The following are the related party balances at 31 March 2019 and 31 March 2018.
| 31 March | 31 March |
Related party current assets/(liabilities) | 2019 | 2018 |
| £ | £ |
Canyon Resources Ltd | 43,501 | 23,043 |
Seabord Services Corp. | (48,071) | (46,788) |
Aegis Asset Management Ltd | 360 | 130 |
| (4,210) | (23,615) |
Canyon Resources Ltd
David Netherway is a director and shareholder of the Company. He is also a director of Canyon which is listed on the Australian Stock Exchange. Altus has a joint venture arrangement with Canyon in relation to the Birsok and Mandoum projects in central Cameroon. Altus incurs project expenses and recharges them to Canyon. As at 31 March 2019, the balance due to Altus was £43,501 (31 March 2018: £23,043).
Seabord Services Corp.
Michael Winn is a director and shareholder of the Company. He is also the controlling party of Seabord Services Corporation ("Seaboard"). Seabord has an agreement with Altus to provide Chief Financial Officer services and administrative support to Altus. As at 31 March 2019, the balance due from Altus was £48,071 (31 March 2018: £46,788).
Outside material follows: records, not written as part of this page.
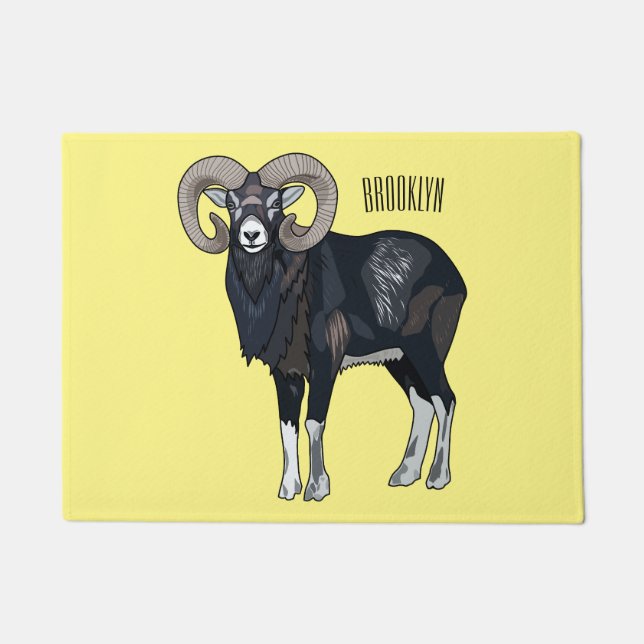 Paillasson Illustration de mouflon, mouton (Devant)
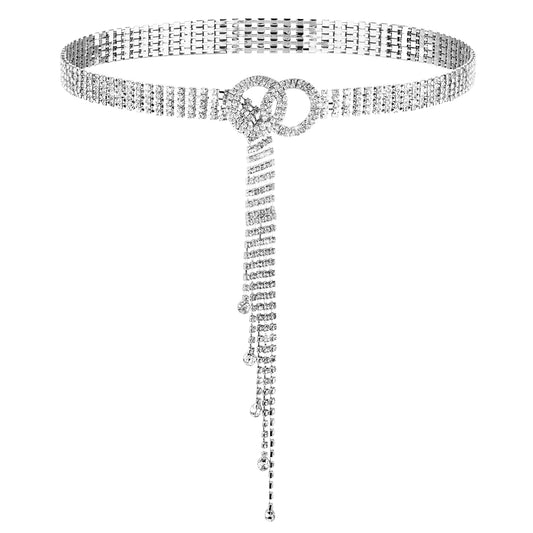 JIEYAO Rhinestone Belt for Women, Sparkle Crystal Waist Chain Belt Adjustable O-Ring Waistband Belt for Jeans Dresses(Silver)
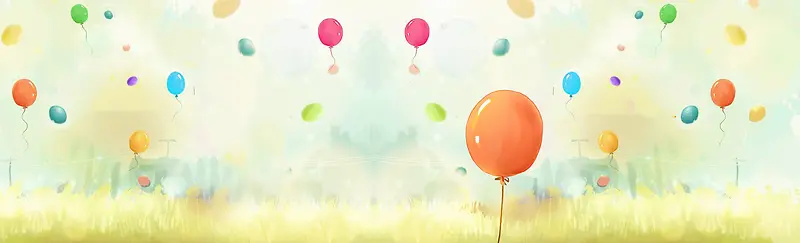 卡通彩色气球背景banner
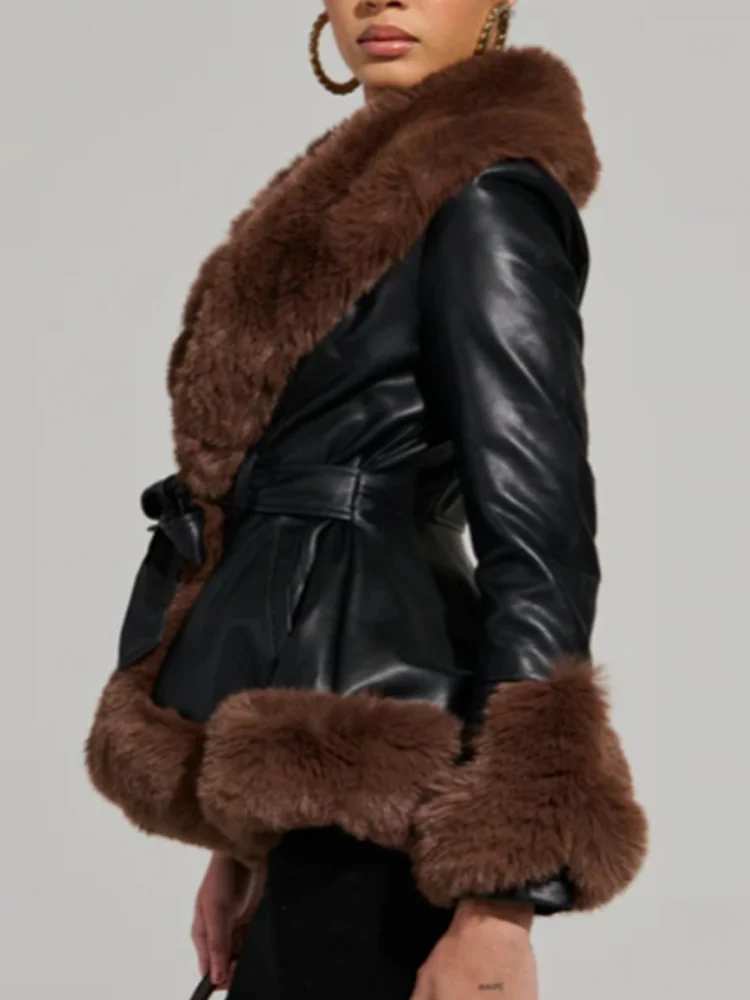 

Women Leather Cardigan Jacket Casual Contrast Color Fur Collar Thermal Cardigan Belted Outerwear Winter Warm Streetwear Tops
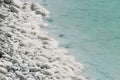 The southern part of the Dead Sea, is divided into pools from which extract minerals. The rocky shore is covered with white salt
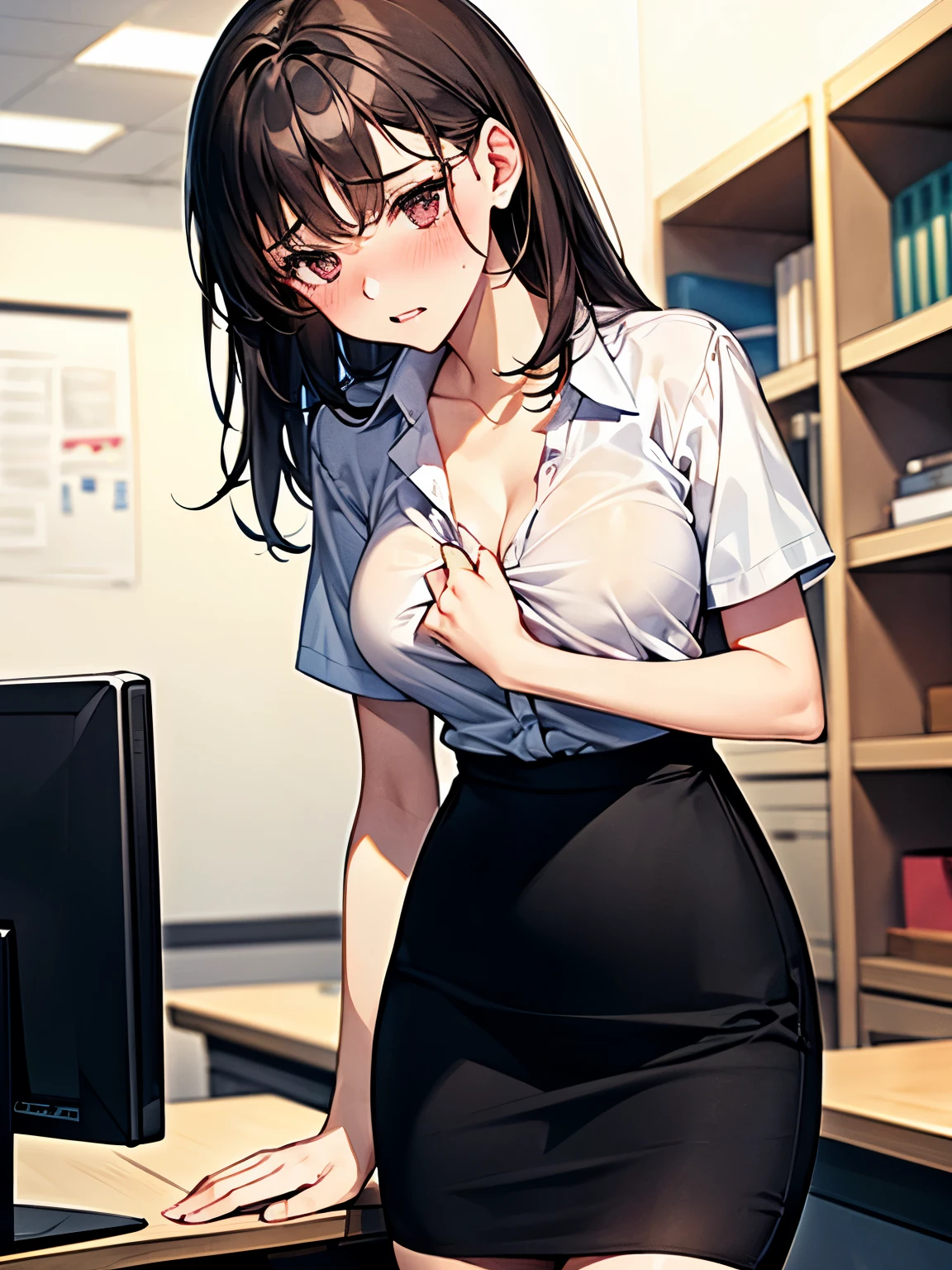 (office lady, bow, Short sleeve, White shirt, Pencil Skirt, Best:1.2), beauty、20-year-old、masterpiece、highest quality、(8k, High resolution:1.1), (embarrassed:1.3), blush, (Front opening of the shirt, Showing off your bra:1.1), (Embrace your chest), (pussy juice), Inner thighs:1.5, Look down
Aegis Asset Management Ltd
Three of the directors and shareholders of the Company (David Netherway, Steven Poulton and Matthew Grainger) are also directors of Aegis Asset Management Ltd ("Aegis"), which was formerly a subsidiary of the Company. Altus incurs some incidental costs which it recharges to Aegis. As at 31 March 2019, the balance due to Altus was £360 (31 March 2018: £130).
CRITICAL ACCOUNTING ESTIMATES AND JUDGMENTS
In the application of the Group's accounting policies, the directors are required to make judgements, estimates and assumptions about the carrying amount of assets and liabilities that are not readily apparent from other sources. The estimates and associated assumptions are based on historical experience and other factors that are considered to be relevant. Actual results may differ from these estimates.
The estimates and underlying assumptions are reviewed on an ongoing basis. Revisions to accounting estimates are recognised in the period in which the estimate is revised where the revision affects only that period, or in the period of the revision and future periods where the revision affects both current and future periods.
The estimates and assumptions which have a significant risk of causing a material adjustment to the carrying amount of assets and liabilities are outlined below.
Critical Judgments
Share based payments
Estimating fair value for share based payment transactions requires determination of the most appropriate valuation model, which depends on the terms and conditions of the grant. For issues of shares in respect of debt the Company values the shares based on the lower of the closing price on the AIM or TSX-V of the shares on the prior day or on the volume weighted average for a reasonable period determined by management. For the grant of share options or share warrants, the Company uses the Black Scholes Model. This estimate also requires determination of the most appropriate inputs to the valuation model including the expected life of any share option or appreciation right, volatility and dividend yield and making assumptions about them.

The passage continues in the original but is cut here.